BI Professionals Spend 50-90% of Their Time ‘Cleaning’ Raw Data for Analytics
Last year, the NYT shined a light on big data’s “janitor” problem – that data scientists and business intelligence pros spend too much time cleaning, not evaluating data. But how big of an issue is it, really?
Xplenty just wrapped a commissioned study of +200 BI pros and found that a third spend 50-90% of their time just cleaning raw data. This is one of the first reports to tie an actual # to the ETL process.
A few other findings from the study:
– 51% do all of their raw data preparation on-premise vs. 49% in-the-cloud
– But, the majority of those on-premise (51%) do want to move to the cloud
– 55% said that merging data from different sources is their main challenge
Xplenty the big data integration platform that makes it easy to process more data more quickly, today announced the results of a new commissioned study aimed at understanding the challenges business intelligence professionals face in preparing raw data for analytics. The study focused on several areas of the ETL (Extract, Transform and Load) process, including preferences for on-premise or cloud-based solutions, perceived challenges, and the amount of time spent on ETL. 97% of those surveyed said ETL was critical for their business intelligence efforts. For the study, more than 200 BI professionals from across the U.S. were polled between May 1-11, 2015.
Cloud vs. On-Premise
More than half (51%) of BI professionals polled said that they currently leverage on-premise ETL solutions, versus 49% cloud-based. However, of those who said they presently use on-premise ETL tools, 51% said that they were “strongly considering” moving all ETL processes to the cloud.
“While many organizations still rely heavily on existing on-premise IT for ETL, the desire to shift to a more cloud-based model has never been stronger,” said Yaniv Mor, CEO & Co-Founder of Xplenty. “Cloud ETL offers a host of benefits over on-premise, from increased agility in resource deployment to reduced costs. As such, the cloud is an increasingly attractive option from both a performance and operational perspective.”
Data Preparation Challenges
When asked what the biggest challenges were in making data “analytics-ready,” 55% said integrating data from different platforms, followed by transforming, cleansing and formatting incoming data (39%), integrating relational and non-relational data (32%), and the sheer volume of data that needs to be managed (21%) at any given time.
“Reformatting, cleansing and consolidating large volumes of data from multiple sources can be overwhelming,” said Mor. “BI professionals are still struggling with the best approach to shorten the time between integration and analytics. As a result, businesses are often slow to unlock their data’s true potential for revenue or operational improvements.”
Time Spent Prepping Data
Nearly a third of those polled (30%) said that they spend between 50-90% of their time just on ETL alone.

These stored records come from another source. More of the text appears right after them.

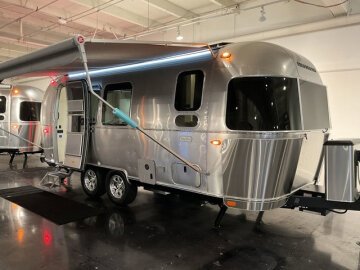 New 2026 Airstream Flying Cloud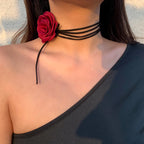 Elegant choker med stort rødt roseanheng 1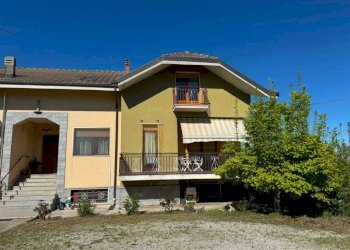 Facciata - Appartamento via Castelletto Stura, 181, Centallo - foto 1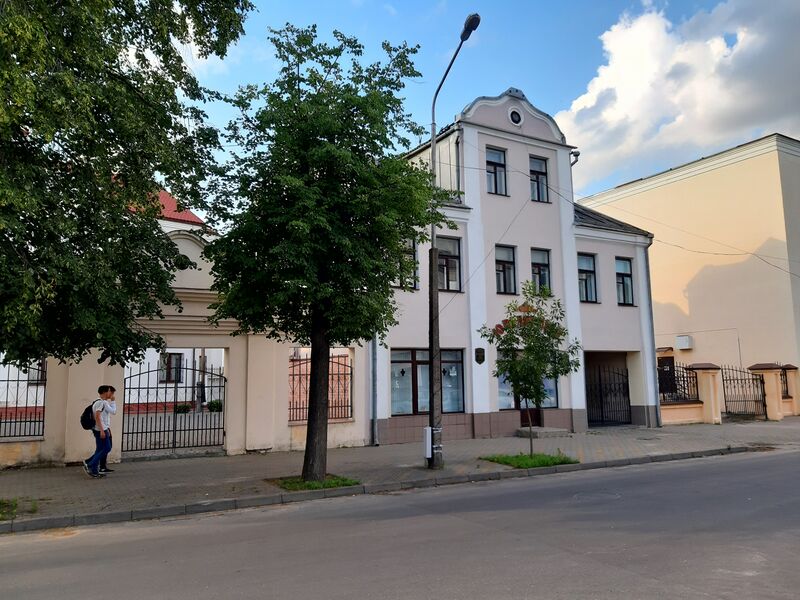 ملف:Брэст. вуліца Будзённага, 28.jpg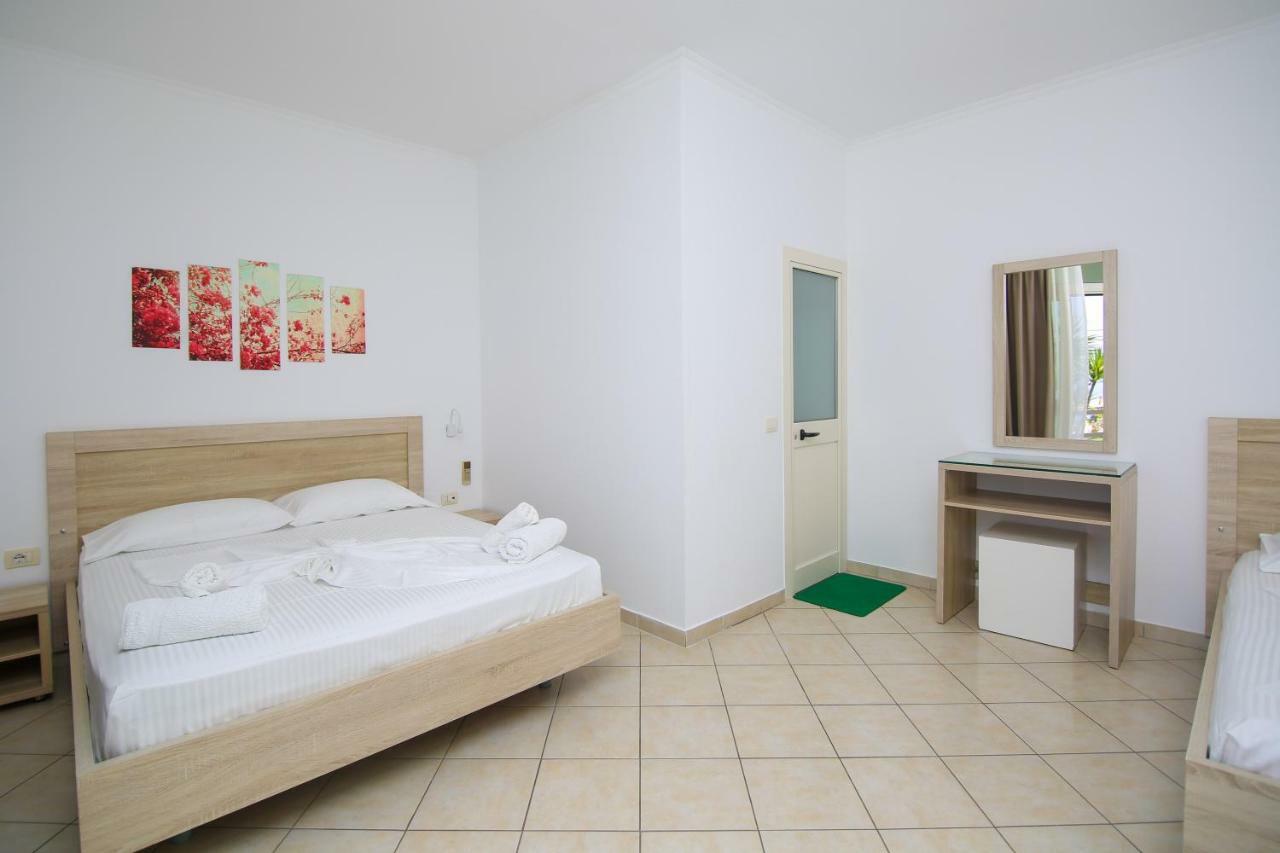 דרמי Hotel Jon מראה חיצוני תמונה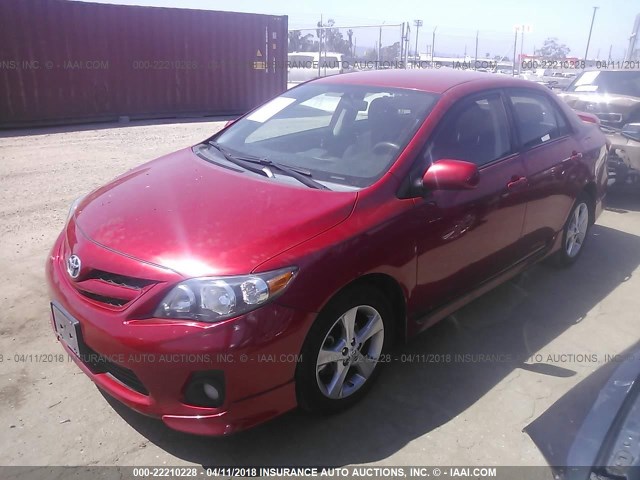 5YFBU4EE9DP140441 - 2013 TOYOTA COROLLA S/LE RED photo 2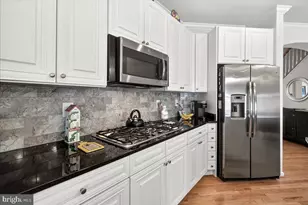 3044 Palatine Dr, Frederick, MD 21701 - Photo 19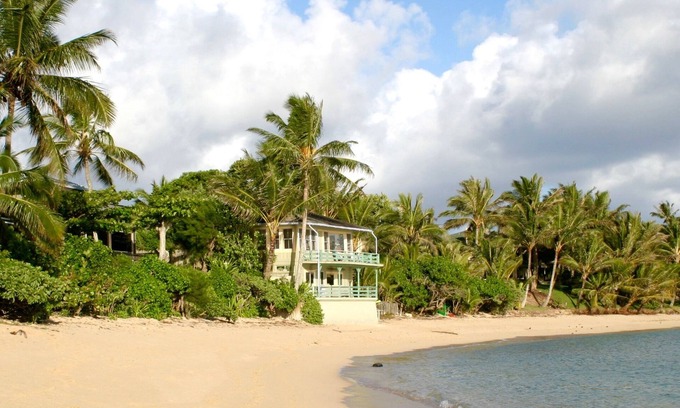 Kawela Bay House | Charming Historic 1910 Kawela Bay Beachfront Property! n2 Homes, Sleeps 17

“BI professionals should be spending the majority of their time evaluating data and deciphering patterns gleaned through the analytics process—not readying data for analytics,” said Mor. “The more time they spend making raw data analytics usable, the less time they have to generate real value from it. We have to accelerate Big Data’s ‘time-to-insight,’ boosting efficiency and bringing more immediate answers to an organization so that they can more quickly take advantage of them.”